*** Data extract ***

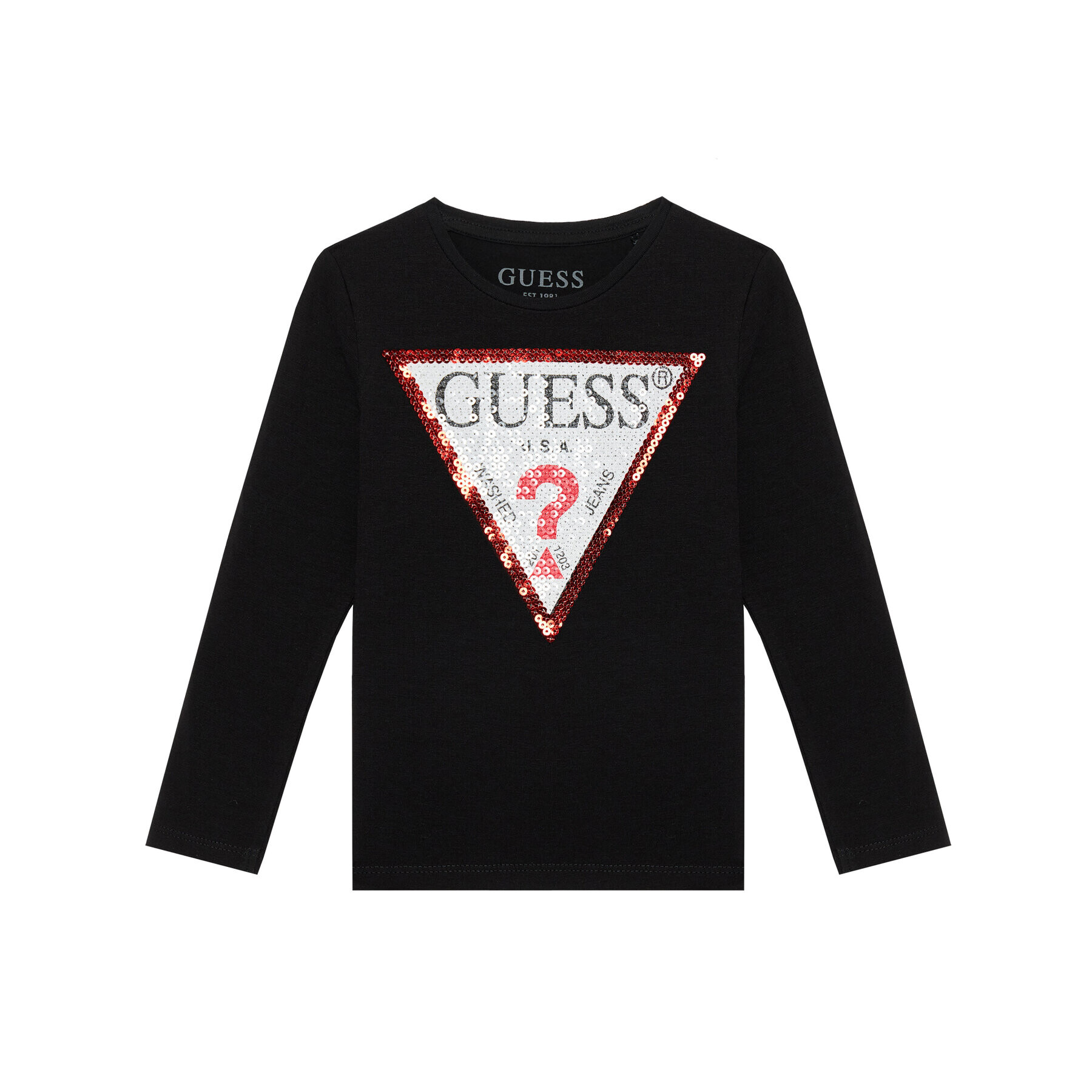 Guess Блуза J1YI36 K6YW1 Черен Regular Fit - Pepit.bg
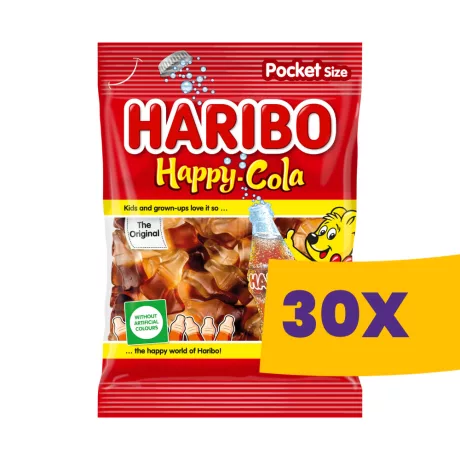 Haribo Happy Cola gumicukor 100g (Karton - 30 csomag)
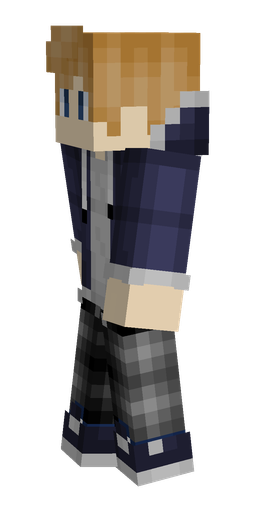 Blue skin: body, left side render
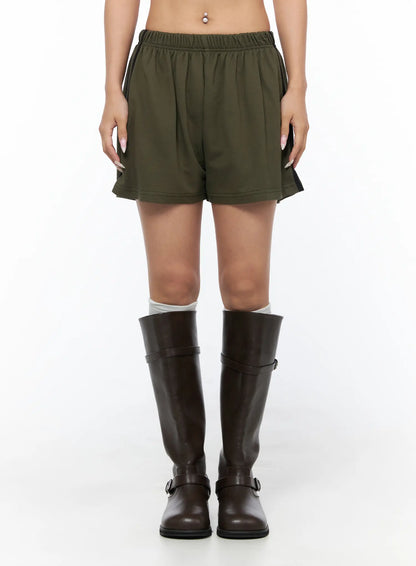 Banded Cotton Shorts CU524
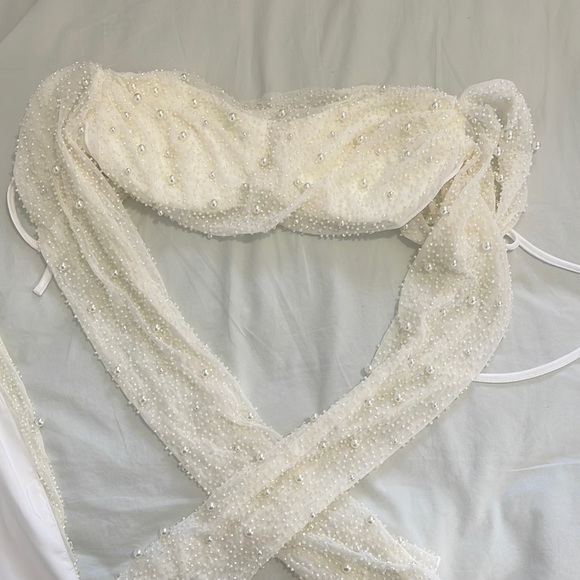 Two piece embellished top and skirt - Picture 3 of 5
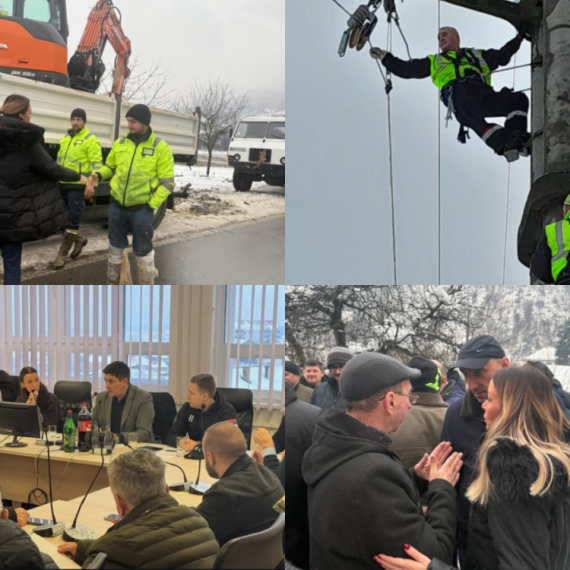 Ministarka Mesarović danima na terenu: Radi se danonoćno da svi dobiju struju; Situacija bolja FOTO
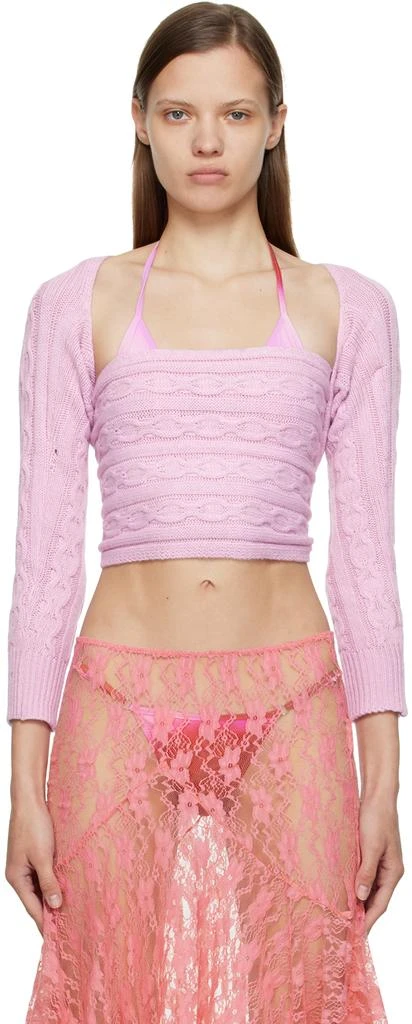Gimaguas SSENSE Exclusive Pink Mariona Sweater 1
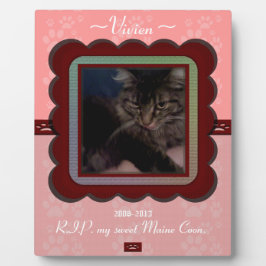 Aanpasbare huisdierherdenking fotoplaat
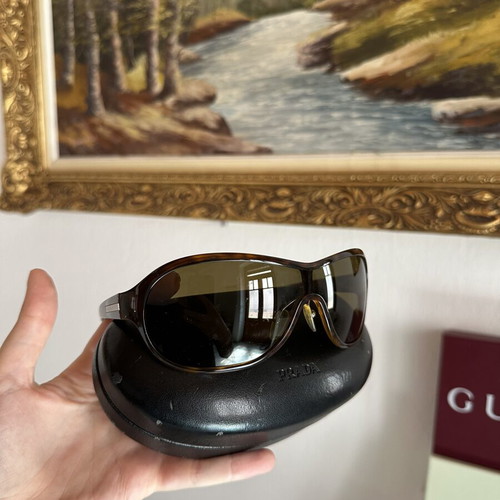 Prada vintage unisex sunglasses, brown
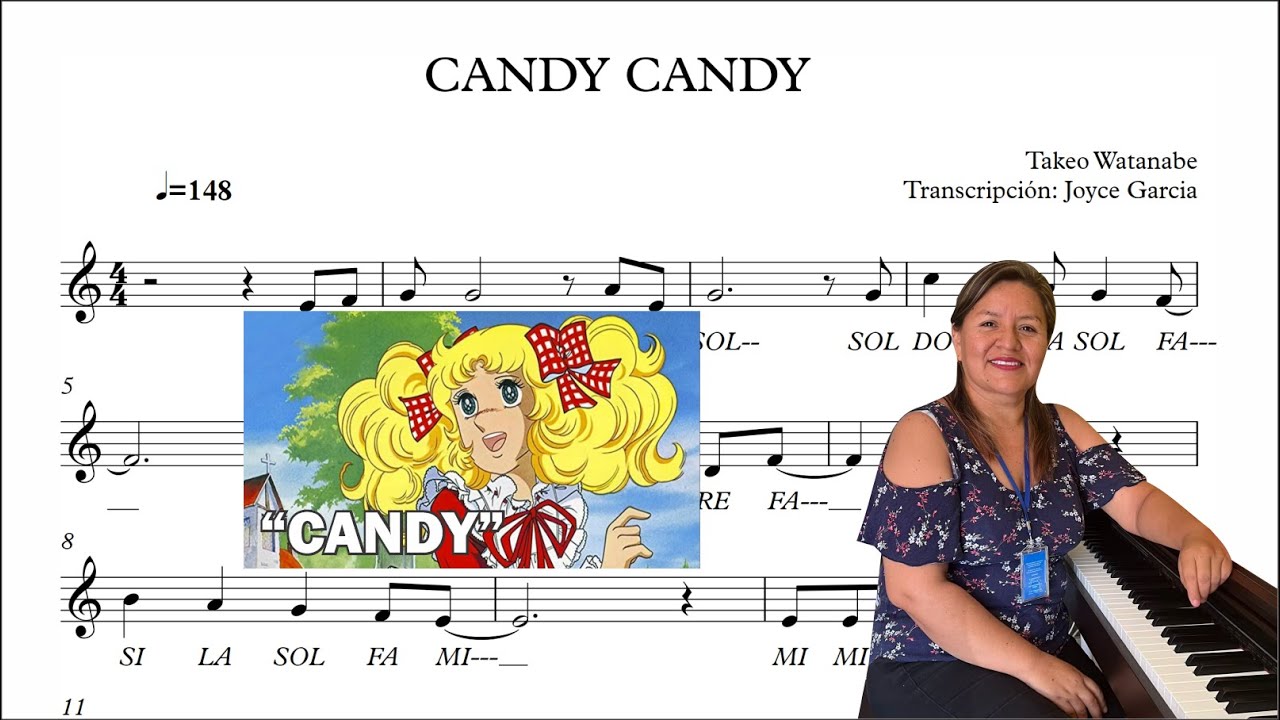 ✅🎻🎶🎹 Candy Candy - Partitura del Tema Llámame Candy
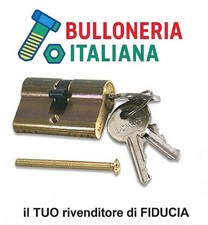 Cilindro ottone 80mm 27x53 profilo europeo con chiavi serratura porta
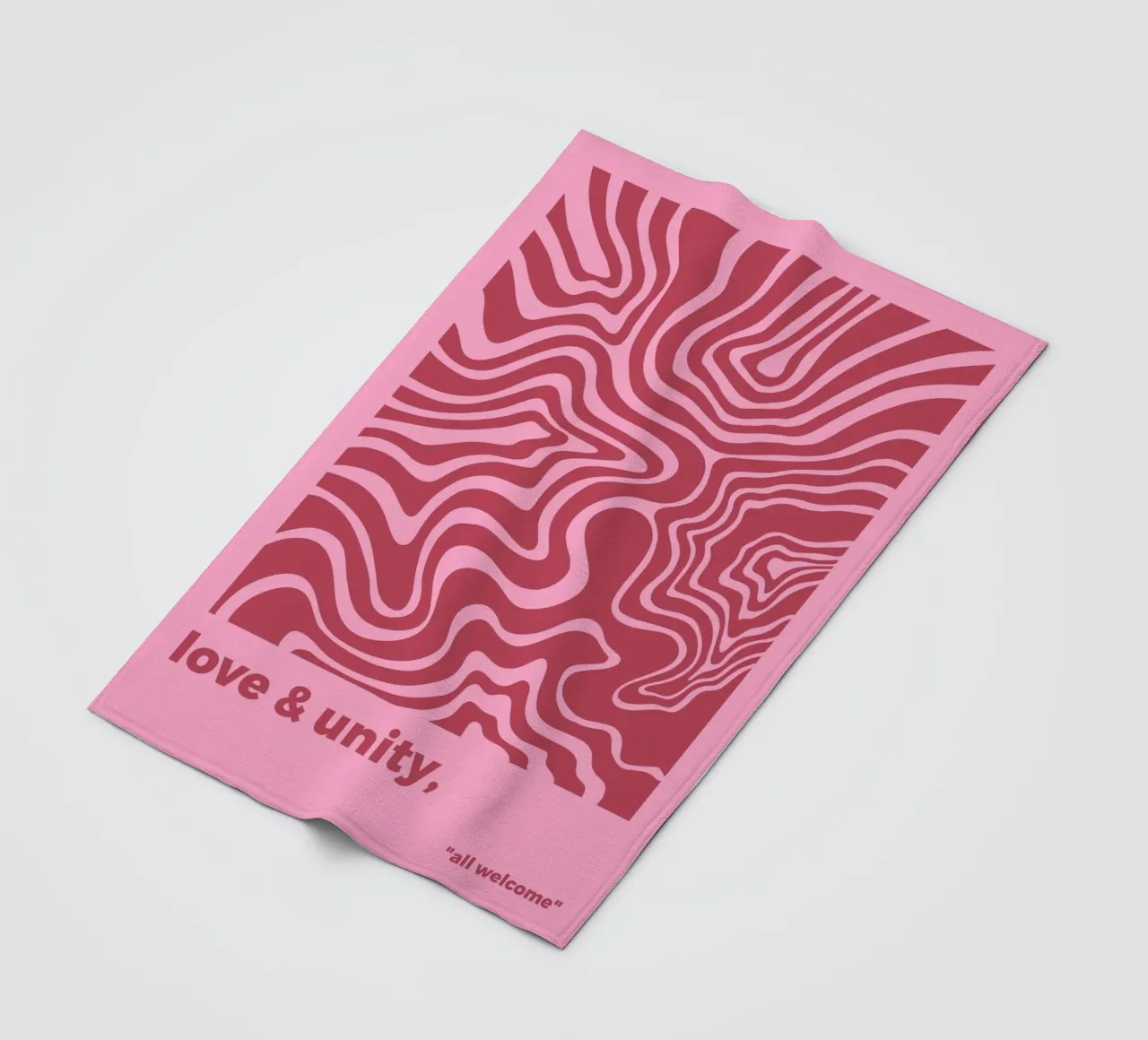 Amore e unità coperta in pile da MODERN NUANCE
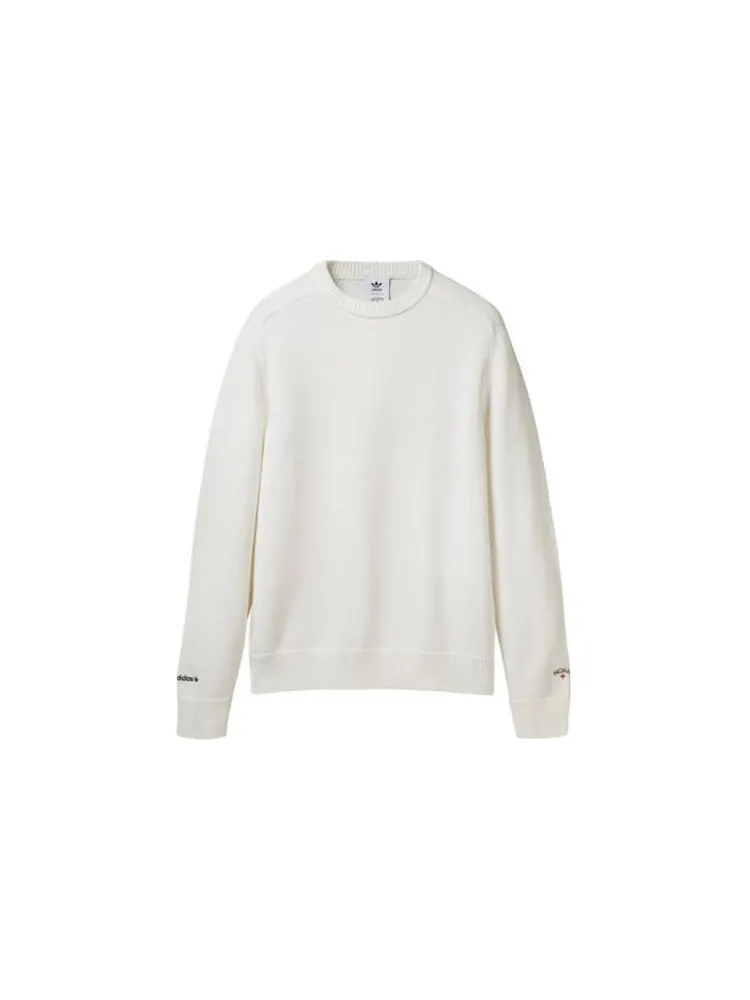 Толстовка Men's adidas originals SS22 Logo Printing Round Neck Pullover Long Sleeves Knitwear White — изображение 2 из 2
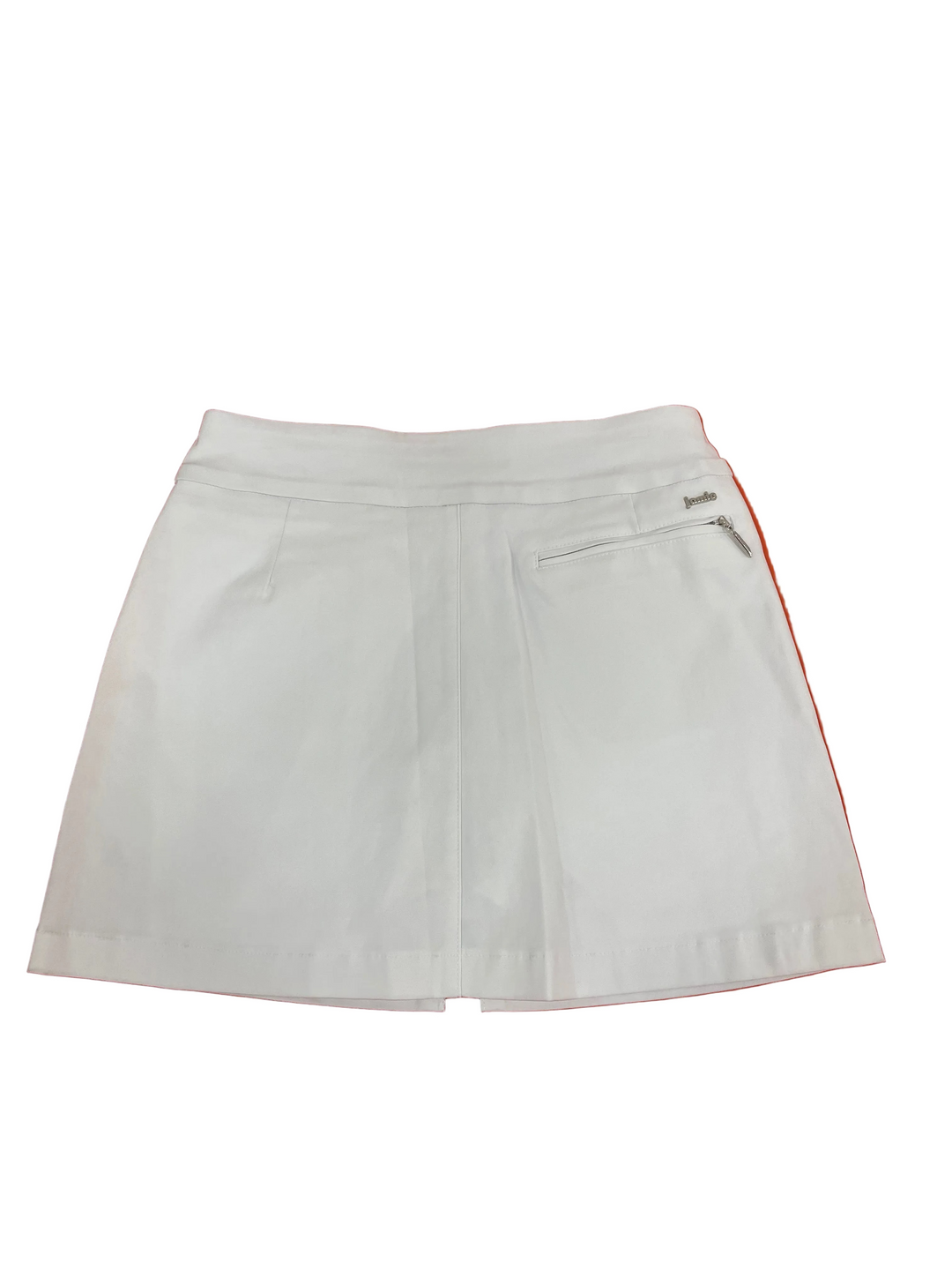 Jamie Sadock Womens Sabrina Zip Skort (16')  - Sugar White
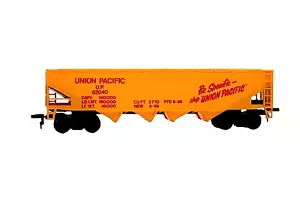 HO Scale Model Power Union Pacific 4-bay Hopper Freight Train Car 62040 - Picture 1 of 8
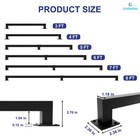 Chongni 8ft Stair Railing Indoor Matte Black Square Tube Handrail 500lbs Load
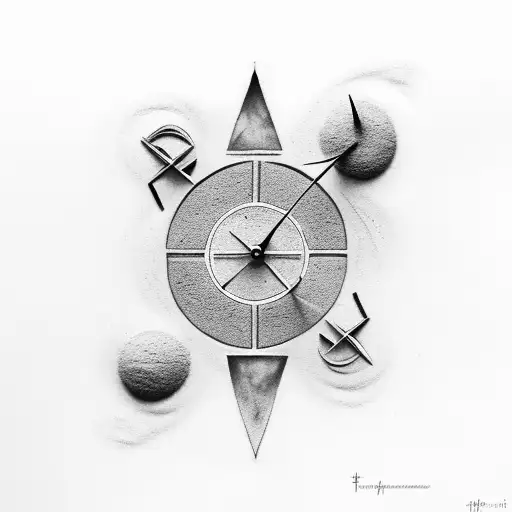 Sand Clock With Name Tajana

*** End of Data extract ***

= Problem statement =
Here the job is to retype exactly the lines that start at the one containing "Толстовка Men's adidas" and run through the end of the records above, leaving out pictures.

= Reply =
 Толстовка Men's adidas originals SS22 Logo Printing Round Neck Pullover Long Sleeves Knitwear White — изображение 2 из 2
 Jamie Sadock Womens Sabrina Zip Skort (16')  - Sugar White
 HO Scale Model Power Union Pacific 4-bay Hopper Freight Train Car 62040 - Picture 1 of 8
 Chongni 8ft Stair Railing Indoor Matte Black Square Tube Handrail 500lbs Load
 Sand Clock With Name Tajana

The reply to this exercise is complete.